Assigned task —
Starting at the line below with "Epipremnum pinnatum variegata" and stopping at the line with "Animal Kingdom - โมเดล", please print each line exactly, those two included, and skip every picture.

Provided material START

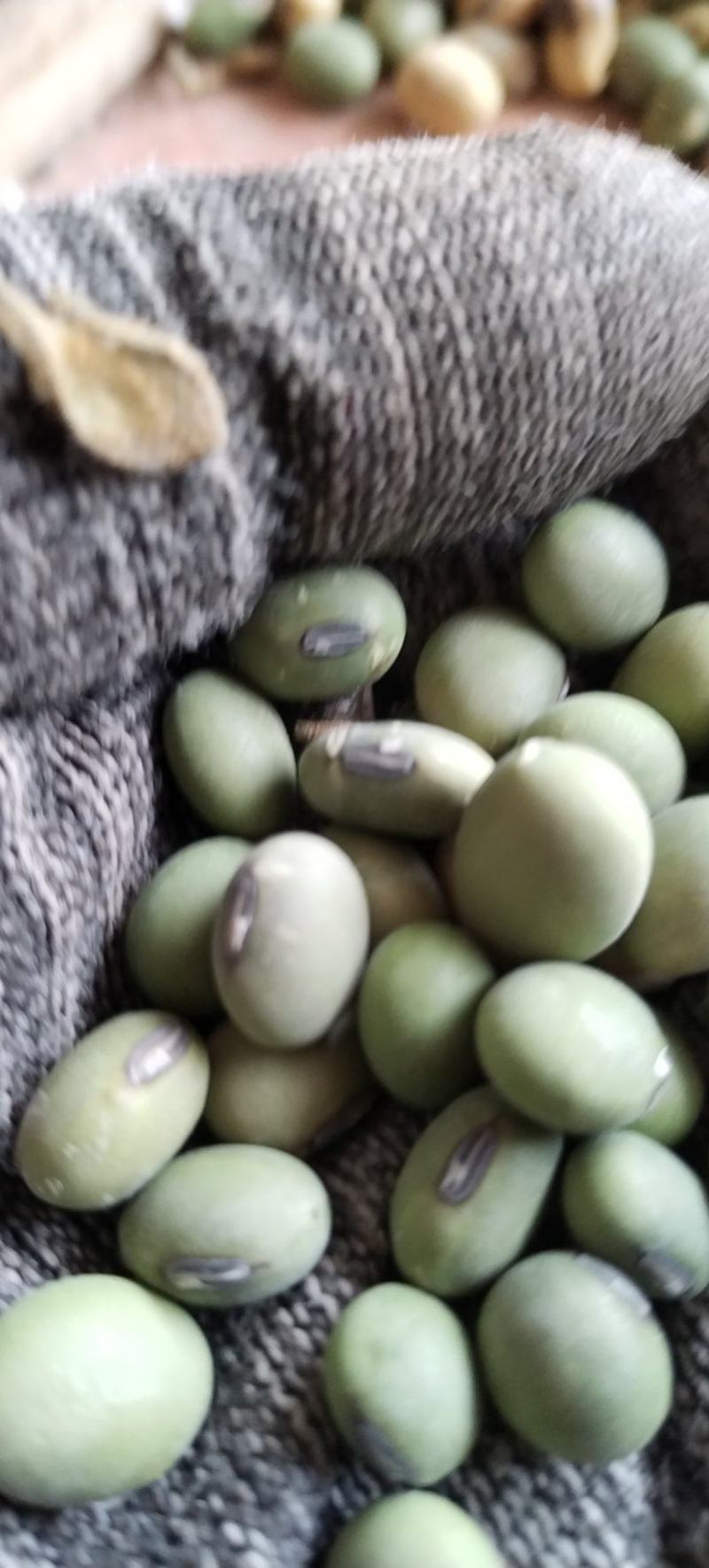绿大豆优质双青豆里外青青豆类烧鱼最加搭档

Provided material END
Provided material START

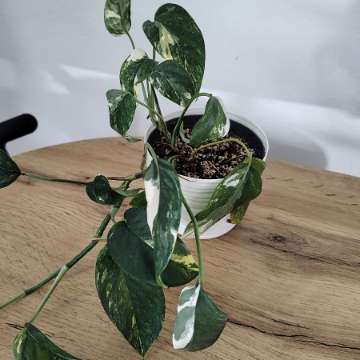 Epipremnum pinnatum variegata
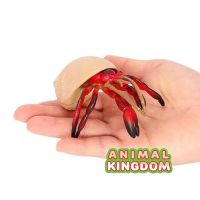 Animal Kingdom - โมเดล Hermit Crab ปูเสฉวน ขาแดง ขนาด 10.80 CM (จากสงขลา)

Provided material END
Provided material START

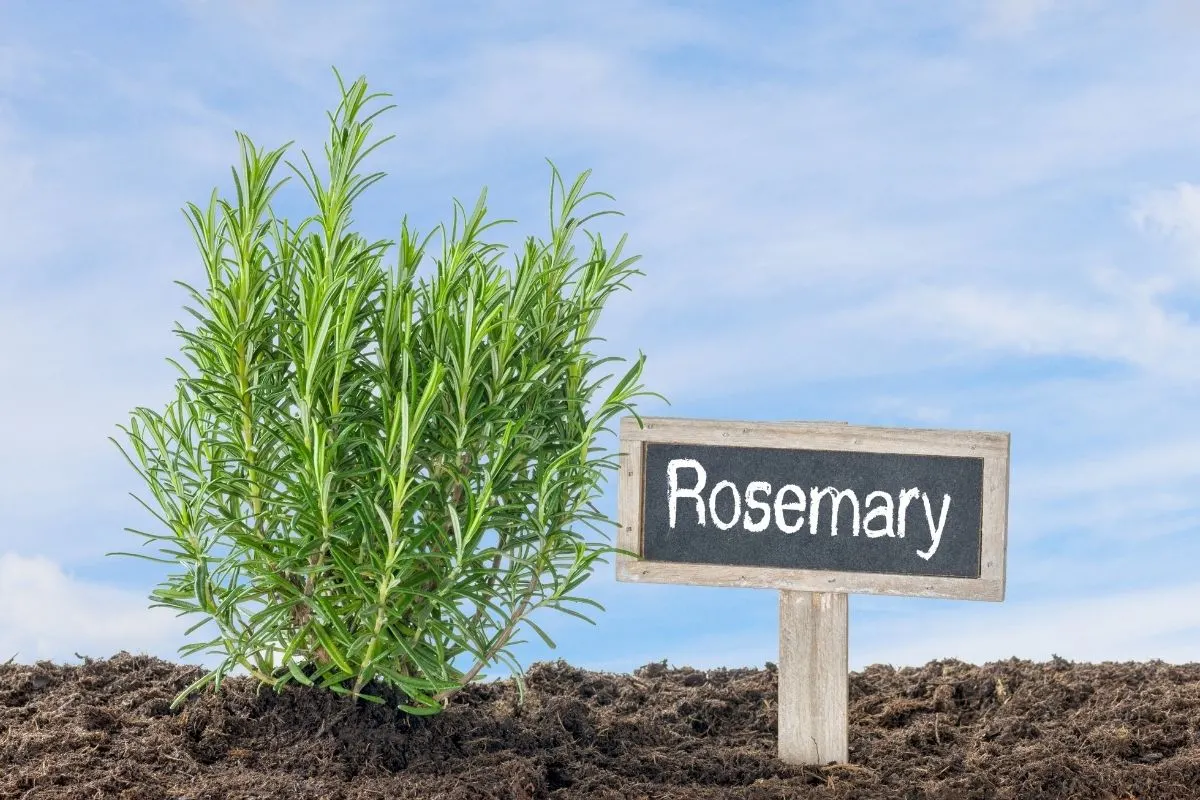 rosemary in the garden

Provided material END

Reply to the task —
 Epipremnum pinnatum variegata
 Animal Kingdom - โมเดล Hermit Crab ปูเสฉวน ขาแดง ขนาด 10.80 CM (จากสงขลา)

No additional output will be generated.